Crédito: Ag. Brasil  A Esplanada dos Ministérios, em Brasília; Programa de Desligamento Voluntário (PDV) teve 240 adesões em 2017 | Foto: Ag. Brasil
A Esplanada dos Ministérios, em Brasília

Gilgamesh é um semideus da Mesopotâmia cujas lendas se espalharam por todo o Oriente Médio nos primeiros milênios antes de Cristo. Como costuma acontecer, várias e por vezes divergentes são as versões de sua saga.
Escolho a mais interessante, que não é bem aquela da epopeia de fins do segundo milênio a.C., denominada "Epopeia de Gilgamesh".

A humanidade estava em crise, a corrupção dominava as instituições, governantes não se entendiam, o povo estava revoltado e se alienava.
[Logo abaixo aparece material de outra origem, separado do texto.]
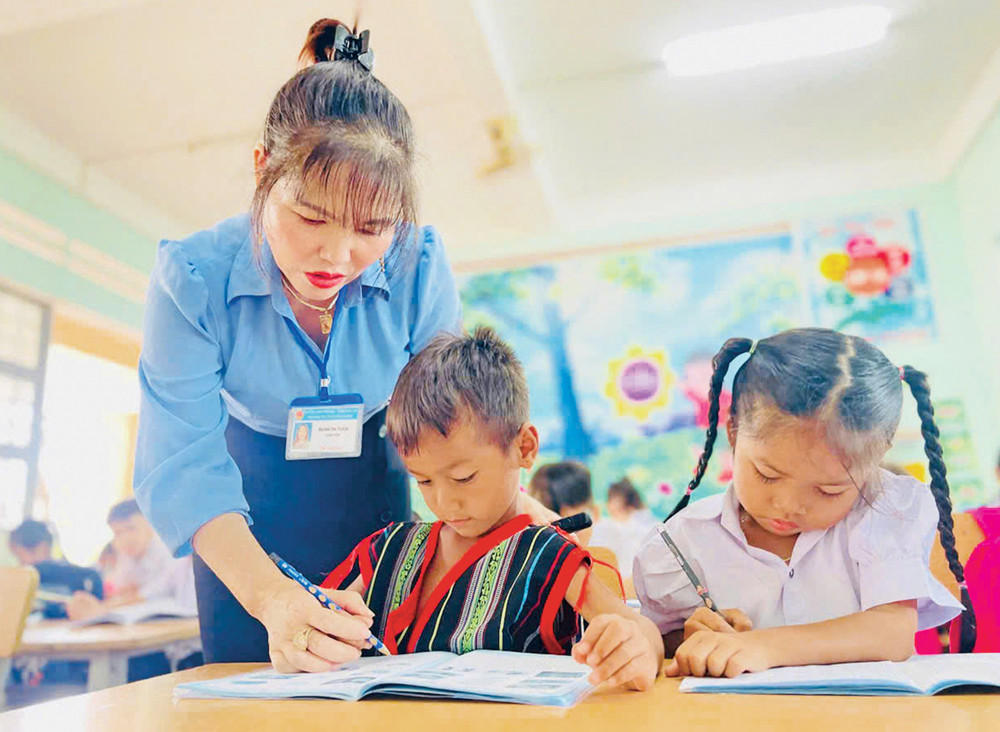 Các trường học trên địa bàn tỉnh tăng cường đổi mới phương pháp dạy học phù hợp với từng đối tượng học sinh DTTS. Ảnh: T.D 1-9470.jpg
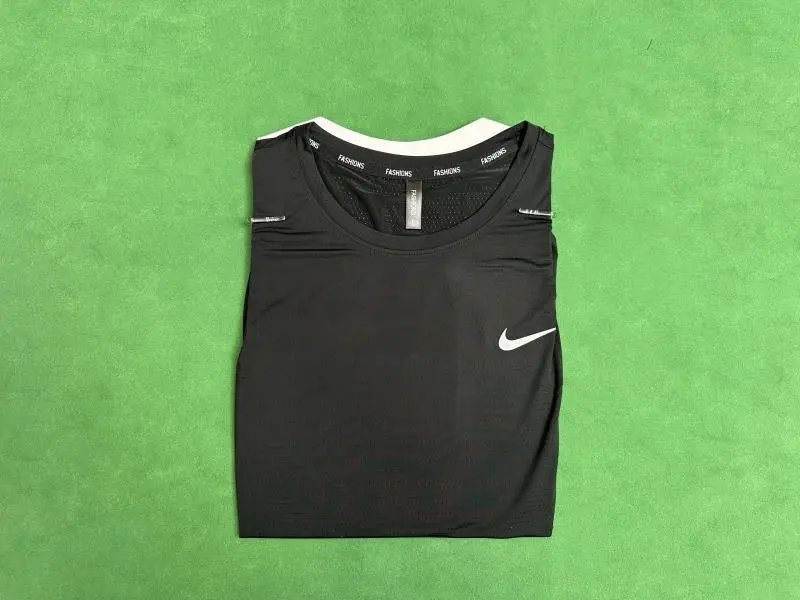 Nike/Under Armor short T-shirt - Thumbnail 9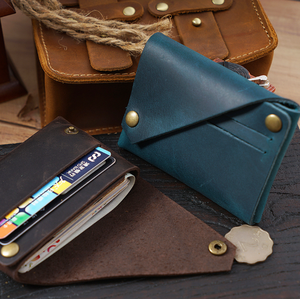 Tarjetero Simple con Logotipo Personalizado de Fábrica, Cartera para Hombre de Cuero Vacuno Auténtico, Tarjetero con Tapa de Cuero Crazy Horse - Product Image 1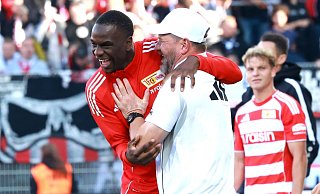 Zwei Ex-Paderborner unter sich: Union-Trainer Steffen Baumgart herzt nach dem Sieg gegen Stuttgart seinen Doppeltorschützen Ilyas Ansah. - Picture Alliance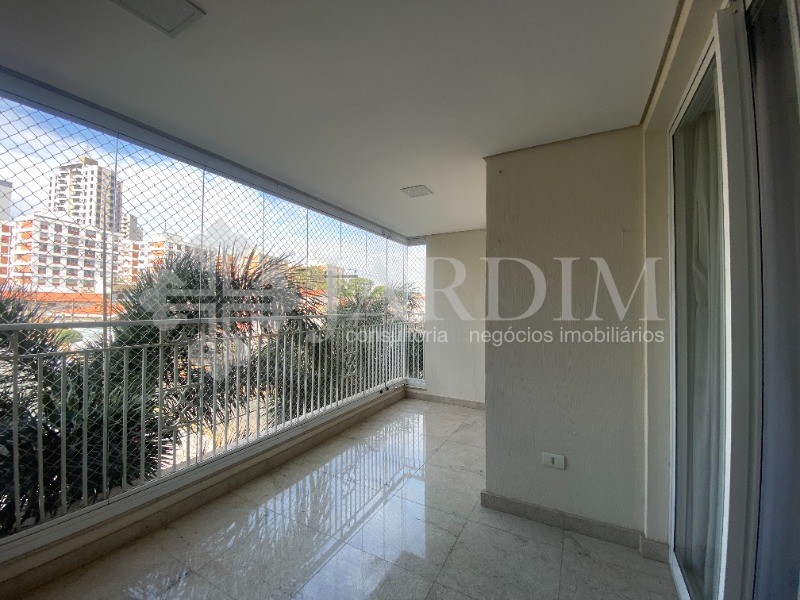 Apartamento à venda com 3 quartos, 131m² - Foto 7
A humanidade solicita então à Assembleia dos Deuses um paladino. Os deuses enviam Gilgamesh, que tiranicamente ataca a corrupção. O paladino torna-se arbitrário, faccioso e arrogante, perseguindo os inimigos de seus amigos. A humanidade volta a clamar aos deuses.
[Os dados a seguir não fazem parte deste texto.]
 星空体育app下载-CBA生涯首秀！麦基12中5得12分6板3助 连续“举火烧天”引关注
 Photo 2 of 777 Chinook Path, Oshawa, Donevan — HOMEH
Estes enviam, então, Enkidu, um sósia de Gilgamesh, porém seu antípoda. Um é o reflexo especular do outro. O que um ataca o outro enaltece. O que um prende o outro libera. Porém, não se compensam mutuamente.

Acabam se tornando aliados. E a humanidade sofre com as atuações dos semideuses antípodas, pois as ações de um não neutralizam os malefícios do outro. Um rosna, outro faz beicinho. Um morde, o outro lambe.

A lenda de Gilgamesh e Enkidu, em suas múltiplas versões, não define o destino final desses dois semideuses extemporâneos. Teriam um dia se anulado, um ao outro? Teriam se fundido em um único ente, anulando mutuamente suas perversões? Ou teriam ampliado as suas qualidades maléficas complementares? Teriam, talvez, se neutralizado, como parece ter sido a intenção dos ingênuos deuses?

De minha parte, acho que ainda estão por aí, para infernizar a humanidade. Há até mesmo consistentes evidências científicas de que tenham migrado para o Brasil e de que tenham se empossado de poderes mundanos, continuando sua trajetória intempestiva de maldades.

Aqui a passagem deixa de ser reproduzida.